Amcamın oğlu ile oturuyoruz 6 yasında Bedirhan.

Durdu durdu ve bana sunu sordu.

-abi ben şimdi kendi kendimi yersem 2 kat büyür müyüm yoksa ölür müyüm ?

Bunu onun anlayacağı dilde nasıl anlatabilirdim düşündüm cevap verememiştim amk.

(bkz: 35447643)
Kardeşi yeni doğduğu için travma geçirmekte olan 4 yaşındaki yeğenime benim de hamile olduğumu söyleme zamanı gelmişti.

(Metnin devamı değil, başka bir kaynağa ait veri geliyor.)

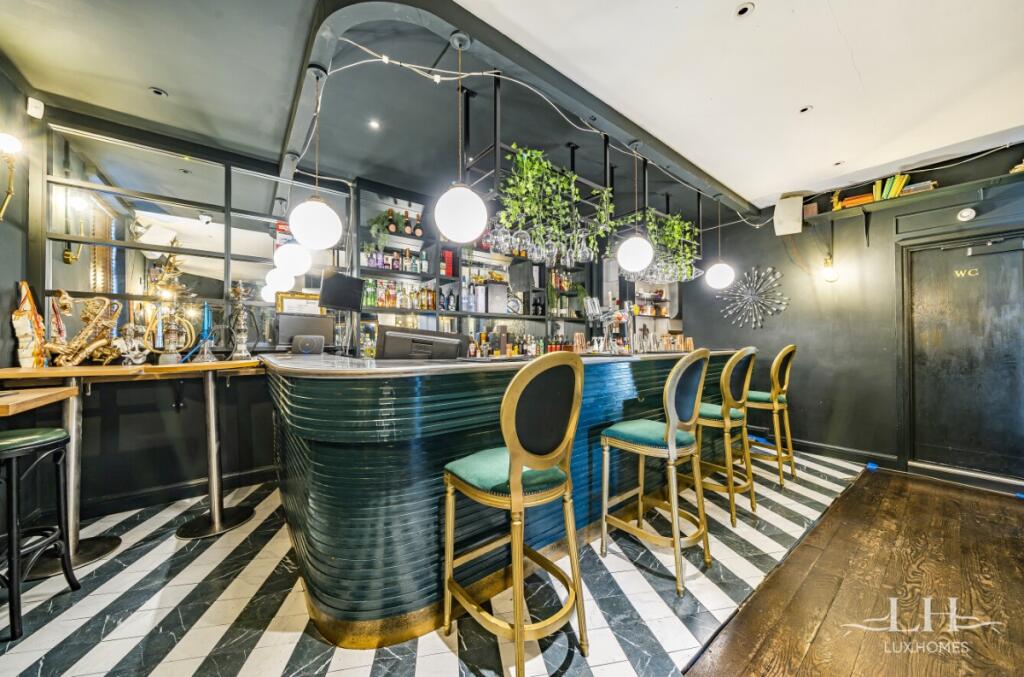 Additional image 4 of Library Bar, High Street, Ingatestone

Malum eskisi gibi üstüme atlamasın diye oyun oynarken.

- teyzeciğim , artık benimde karnımda bebek var.

+ ya of ya . Bebek hapishanesi kurucam. Bütün bebekleri oraya atcam.
çocuklarda işine geleni yapma ya da duyma olayı bir hayli gelişmiş.
bir yeğenim var üç buçuk yaşında yaklaşık olarak. kreşe gidiyor. yani gidiyor ve bütün gün oyun oynuyor. bizde konakladığı bir gecenin sabahında uyandırmak amaçlı yatağına gidip kendisini öpüp, gıdıklamaya başladım. biraz mızıldandı ama sonuç olarak uyandı. ilk cümlesi okula gitmeyeceğim oldu. ben de dedim ki ben de hiç istemiyorum ama gitmezsem her şeyden geri kalırım, öğretmenim de neden gelmedin diye sorar bana dedim. sen de kalkıp gitmelisin, arkadaşların merak ederler dedim. hani benden beklenmeyecek cümleler kendimce güzel örnek olacağım. çocuk da beni dinledi baya.
o esnada annem içeriye girdi. sanki az önceki konuşmayı hiç yapmamışız gibi yeğenim dönüp anneme: babaanne dedi, halamla ben bugün okula gitmek istemiyoruz! ikimiz de kahvaltımızı yapıp resim yapmaya gitmek istiyoruz. dedi. bunları diyen de bir lokma çocuk. hobbitten hallice.
güldük, eğlendik biraz.
sonuç olarak da ikimiz de sırt çantalarımızı alıp okullarımıza gittik.
"Bugün günlerden cuma ise yarın hangi gündür" sorusuna "tatildir" diye cevap veren daha 6 yaşında hayattan küskün ve henüz 1. Sınıfa gitmesine rağmen okuldan bıktığını iddia eden kardeşimle girilen diyaloglardır.
hepiniz görmüşsünüzdür "yağmura şemsiye" diye bağıran tipleri. yine yağışlı bir gündeyiz. seyyar eleman bağırıyor slogan atar şekilde. o sırada bankamatik kuyruğundaki annesinin elinden elini kurtaran küçük kız, şemsiye satıcısına doğru gidiyor:

küçük kız: şemsiyeci amca, bana da bir şemsiye ver. benim adım da yağmur.
şemsiye satıcısı: senin paran var mı bakalım?
kk: ama benim param yok ki.
şs: biz ıslatan yağmura şemsiye veriyoruz, parası olmayan yağmur'a değil.

o sırada küçük kızın annesi arkasını dönüp küçük kızı oradan almaya gelirken küçük kız birden 40 yıllık sigara tiryakileri gibi boğazını temizlercesine tükürüğünü ağzında toplayıp yarım saniye sonra şemsiye satıcısının suratına tükürüyor ve ekliyor:

küçük kız: ben de ıslatabiliyorum. ver şemsiyeyi.